A herança de um Fundador

O Bem-aveturado Álvaro del Portillo, viveu quarenta anos junto de São Josemaria. No ano de 1976, por ocasião do primeiro aniversário do falecimento do Fundador do Opus Dei, este artigo foi publicado em L’ Osservatore Romano.

“Enamora-me a ideia de que a vida é um consumir-se, um arder ao serviço de Deus. E desta maneira gastando-nos completamente por Ele, virá a libertação da morte, que nos conduzirá à vida”. Assim escrevia, numas notas pessoais dos primeiros anos da fundação do Opus Dei, Mons. Escrivá, a quem muitos milhares de pessoas em todo o mundo chamavam simplesmente Padre, porque se sabiam filhos da sua oração, da sua mortificação e do seu coração sacerdotal. Consumir-se, arder: o Senhor concedeu-lhe o cumprimento à letra daquele generoso programa, até ao ponto de chamá-lo para junto de Si precisamente no seu quarto de trabalho, depois de se ter dado com generosidade, até ao último instante, na sua catequese sacerdotal, que sempre despertava desejos eficazes de santidade, de abnegação e de apostolado. A vida de Josemaria Escrivá foi um fogo ininterrupto de amor de Deus, alimentado por uma luta ascética sem tréguas e por uma sede insaciável de levar almas a Cristo.
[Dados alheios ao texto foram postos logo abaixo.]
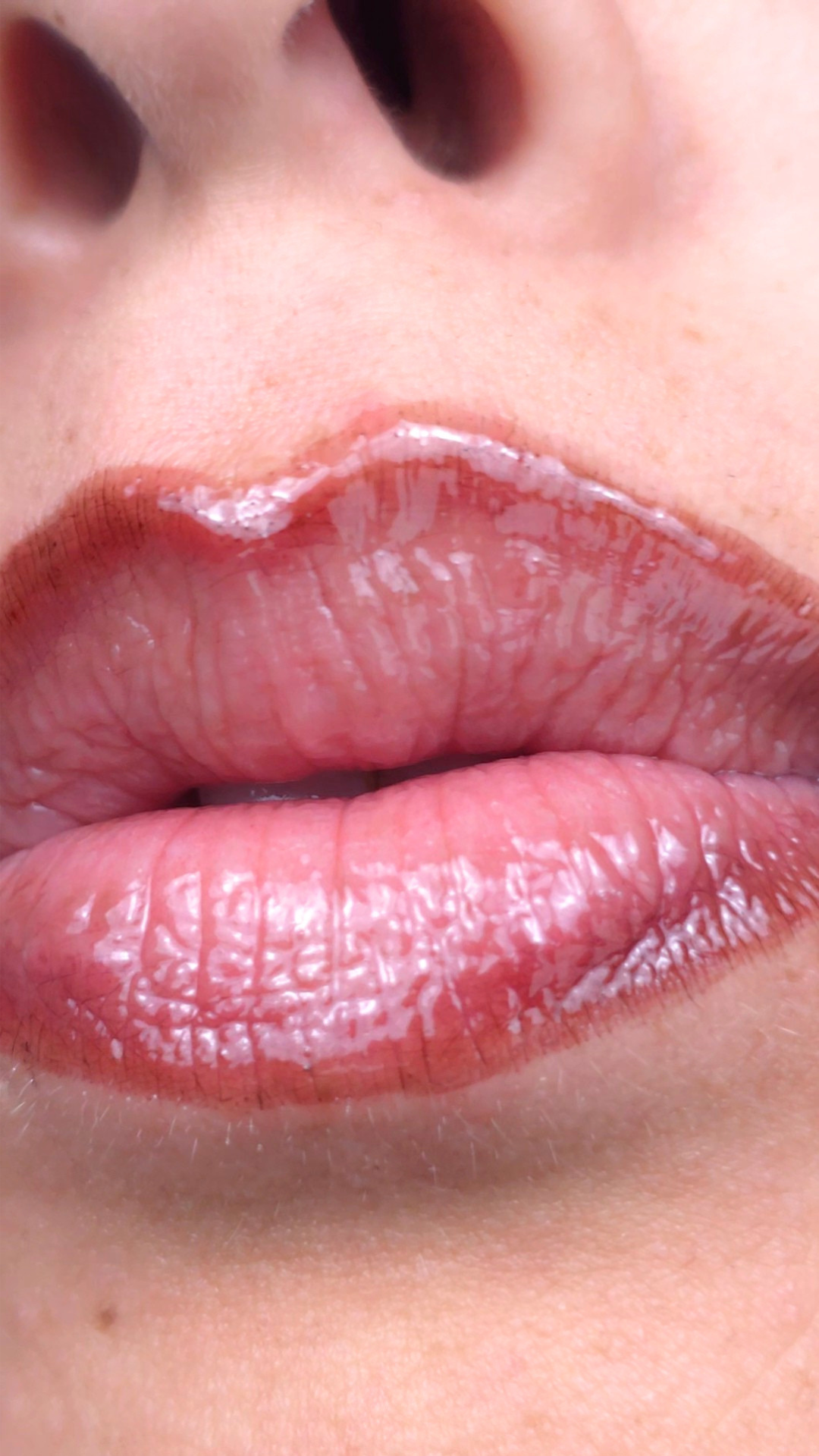 Veil High Shine | Warm Earthy Brown Ombré Lip System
Entre os seus papéis encontrei esta outra nota, datada de 22 de Maio do ano passado: “É tão sutil o diafragma que nos separa da outra vida que vale a pena estar sempre preparados para empreender essa viagem com alegria”. Portanto, a sua passagem à eternidade não foi um acontecimento repentino, mas um modo novo e definitivo de arder, de prosseguir o diálogo iniciado nesta terra por quem, nos primeiros anos da sua vida sacerdotal, pedia: “Jesus, que eu seja o último em tudo... e o primeiro no Amor” (Caminho, n. 430).

A dor pela separação material de um Padre, de um pai, que nos recordava que não temos “um coração para amar a Deus, e outro para amar as pessoas da terra”, e que não se cansava de repetir que “devemos ser muito humanos porque, se não o formos, também não poderemos ser divinos”, é indelével. Mas o Padre goza agora do amor infinito, e a sua alegria derrama-se sobre os que levou no coração, que sentem a sua presença ainda mais próxima do que quando os ajudava e animava aqui na terra.

Nas mãos de Deus

"Sou um pecador que ama Jesus Cristo”, dizia de si mesmo Mons. Escrivá. A sua humildade era a de quem deseja ser instrumento dócil nas mãos do artista, e se esforça por não levantar obstáculos ao trabalho do artífice divino; era o abandono do filho que se sabe amado por seu Pai Deus.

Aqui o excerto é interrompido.